### Your instructions
Going from the top of the listing below to the line that holds "2005 Chevrolet Silverado", reproduce each line exactly; no pictures.

### Exercise material
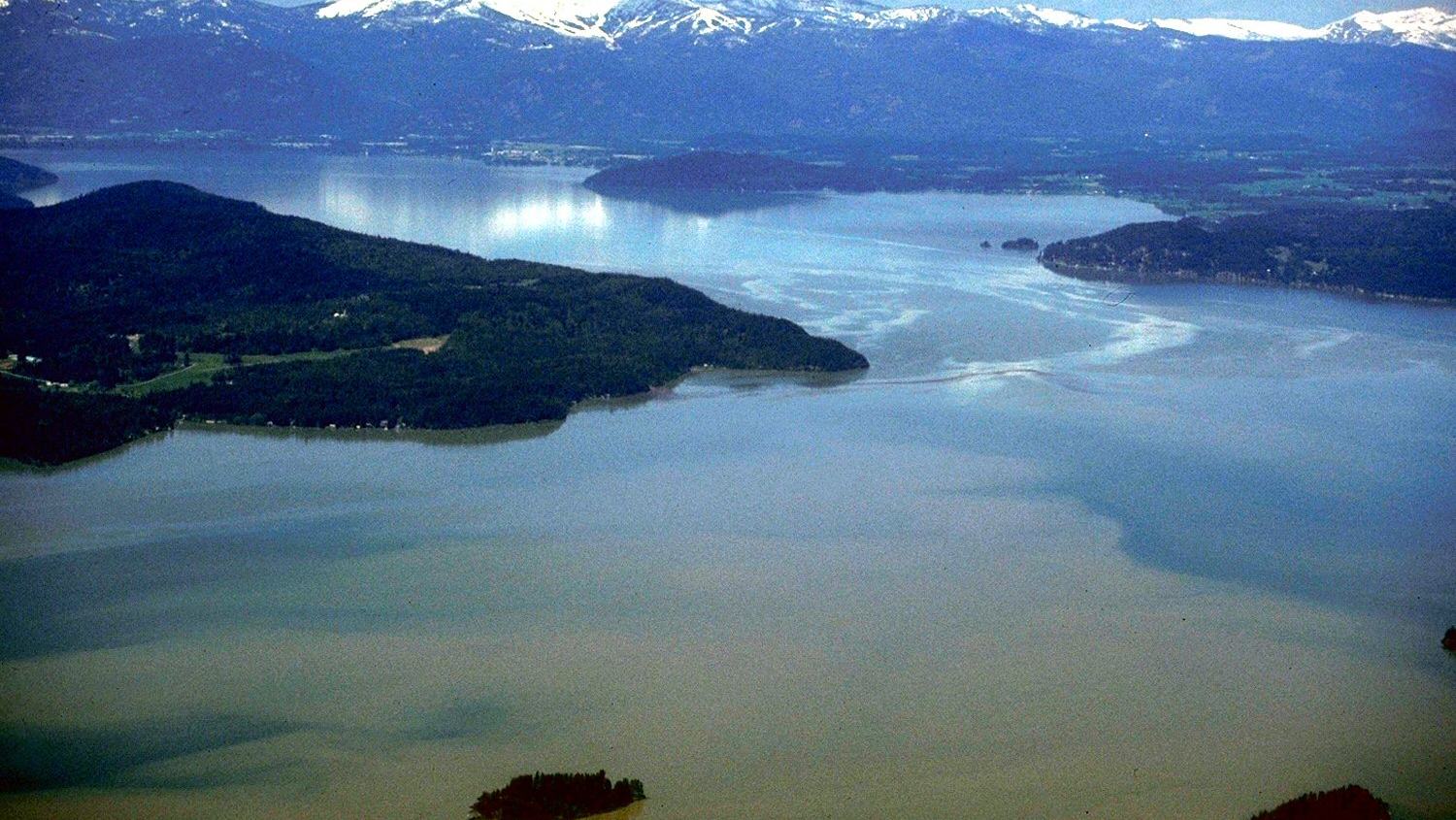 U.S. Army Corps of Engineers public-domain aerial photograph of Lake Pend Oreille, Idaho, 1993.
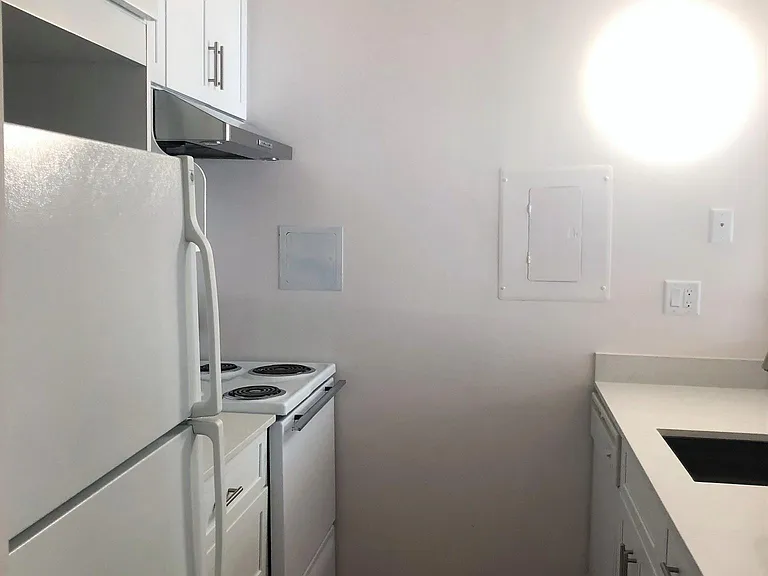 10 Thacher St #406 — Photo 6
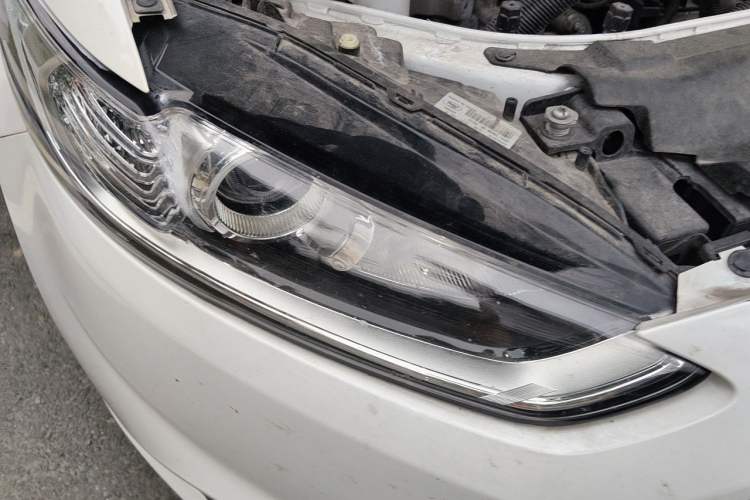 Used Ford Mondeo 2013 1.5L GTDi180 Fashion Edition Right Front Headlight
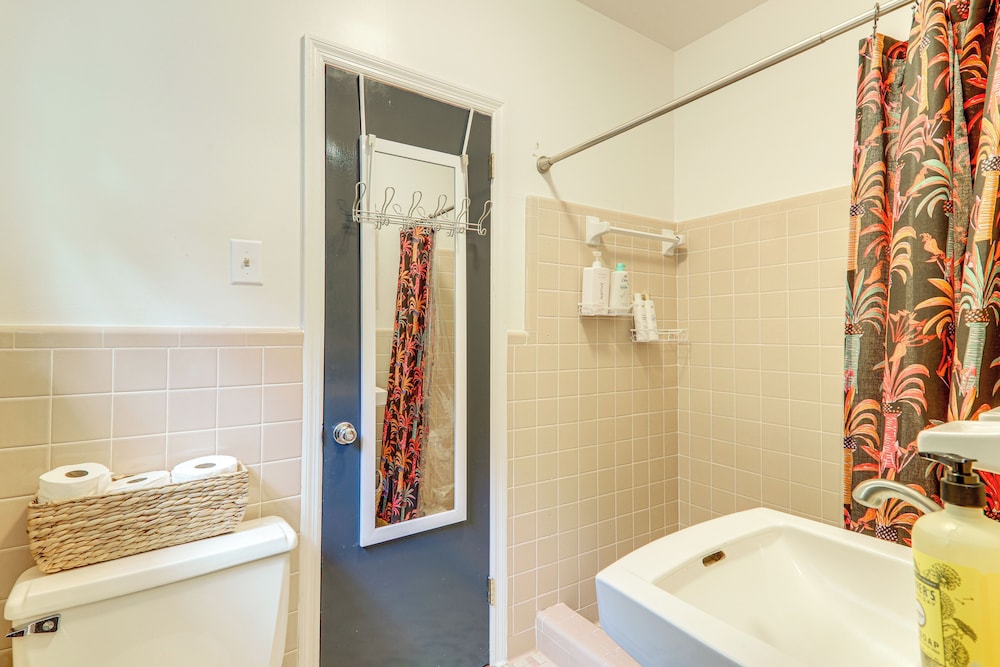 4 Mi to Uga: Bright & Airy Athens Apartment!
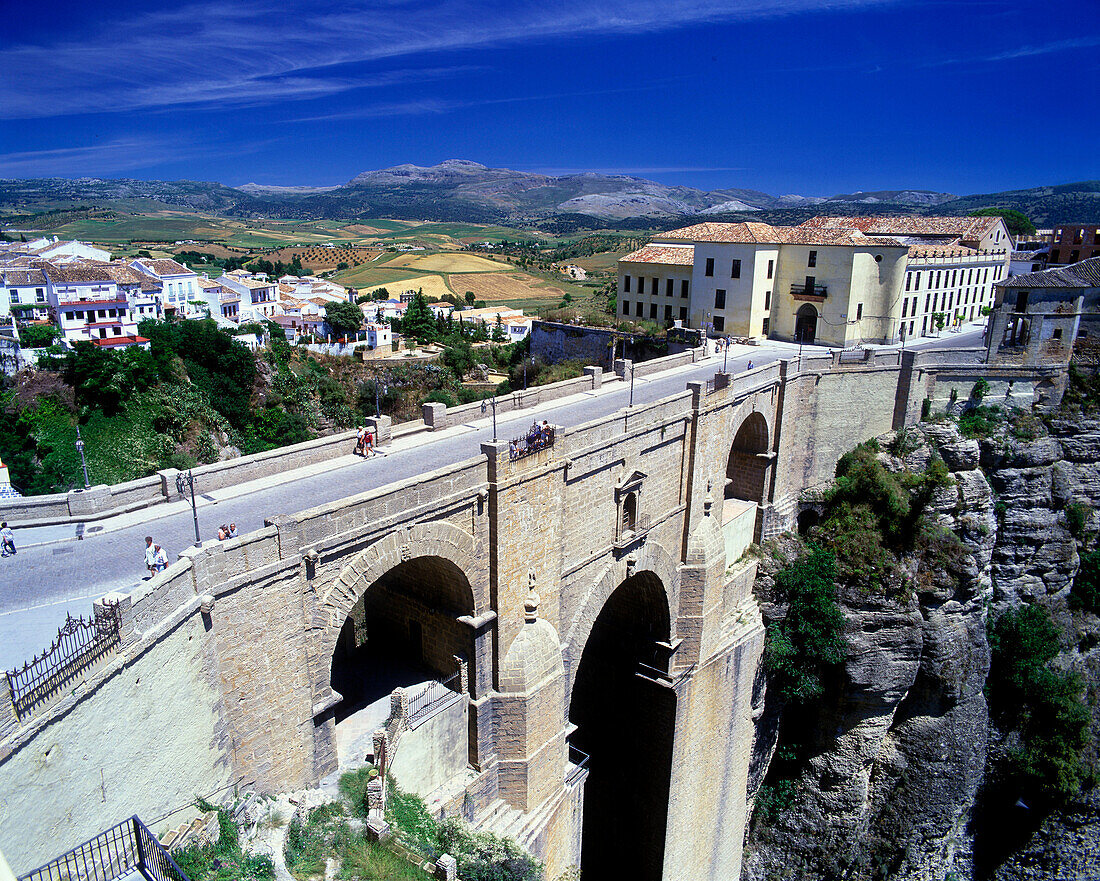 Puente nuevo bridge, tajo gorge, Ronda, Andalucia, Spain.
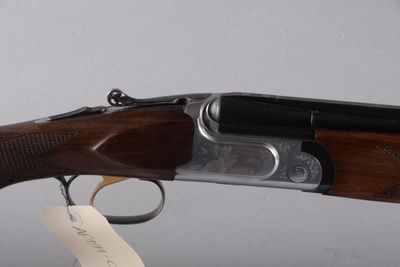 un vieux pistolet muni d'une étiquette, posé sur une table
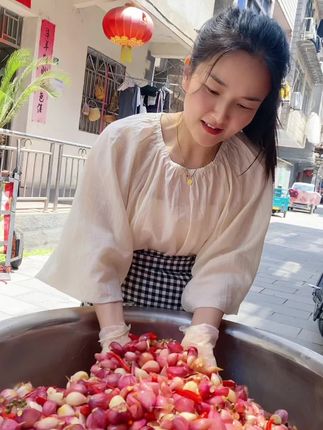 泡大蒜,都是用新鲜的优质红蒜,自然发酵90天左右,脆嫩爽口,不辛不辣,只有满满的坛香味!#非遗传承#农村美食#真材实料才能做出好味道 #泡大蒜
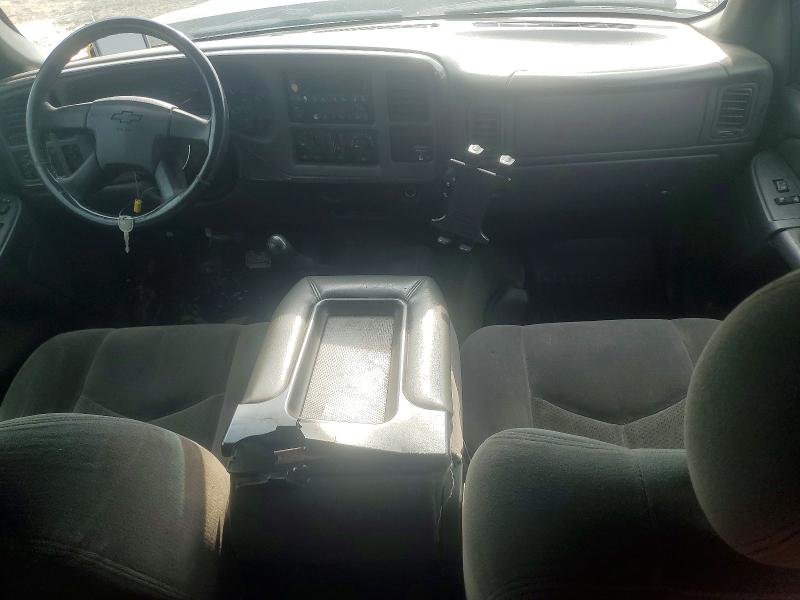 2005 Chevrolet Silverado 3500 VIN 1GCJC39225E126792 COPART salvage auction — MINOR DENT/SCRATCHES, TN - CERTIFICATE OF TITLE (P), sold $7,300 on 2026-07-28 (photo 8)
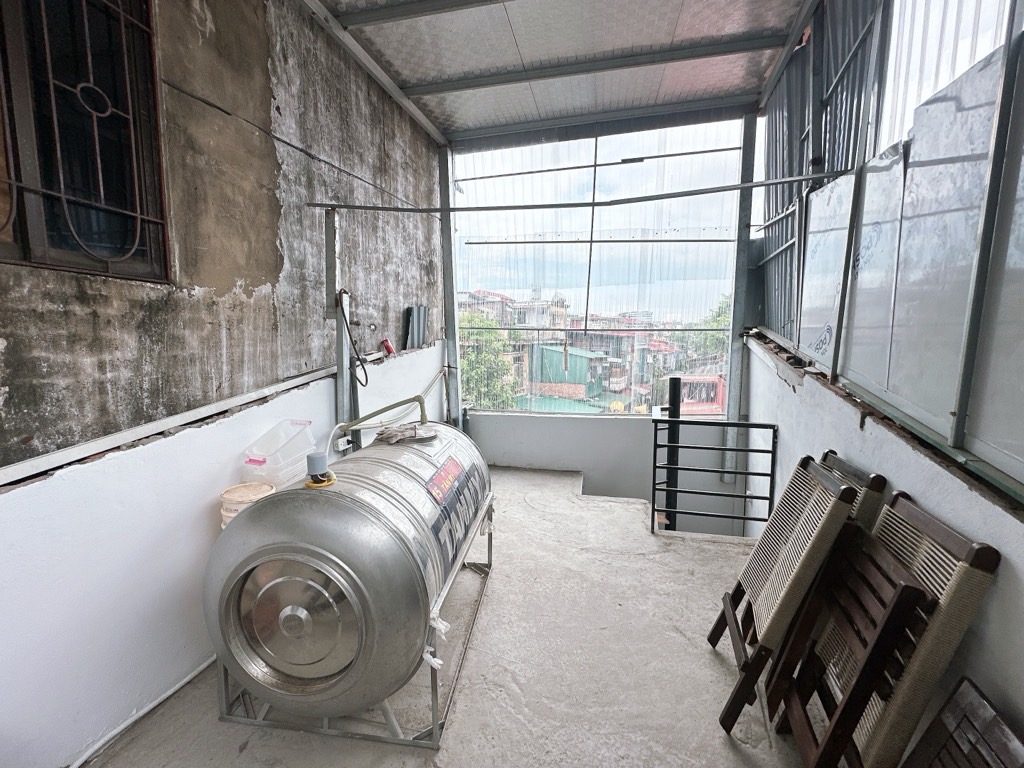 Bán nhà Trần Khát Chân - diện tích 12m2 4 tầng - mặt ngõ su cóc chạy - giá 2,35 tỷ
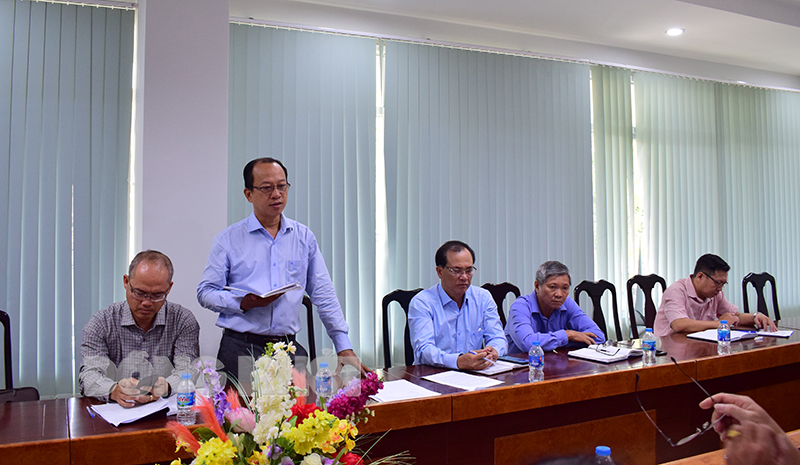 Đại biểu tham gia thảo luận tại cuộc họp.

### Written response
 U.S. Army Corps of Engineers public-domain aerial photograph of Lake Pend Oreille, Idaho, 1993.
 10 Thacher St #406 — Photo 6
 Used Ford Mondeo 2013 1.5L GTDi180 Fashion Edition Right Front Headlight
 4 Mi to Uga: Bright & Airy Athens Apartment!
 Puente nuevo bridge, tajo gorge, Ronda, Andalucia, Spain.
 un vieux pistolet muni d'une étiquette, posé sur une table
 泡大蒜,都是用新鲜的优质红蒜,自然发酵90天左右,脆嫩爽口,不辛不辣,只有满满的坛香味!#非遗传承#农村美食#真材实料才能做出好味道 #泡大蒜
 2005 Chevrolet Silverado 3500 VIN 1GCJC39225E126792 COPART salvage auction — MINOR DENT/SCRATCHES, TN - CERTIFICATE OF TITLE (P), sold $7,300 on 2026-07-28 (photo 8)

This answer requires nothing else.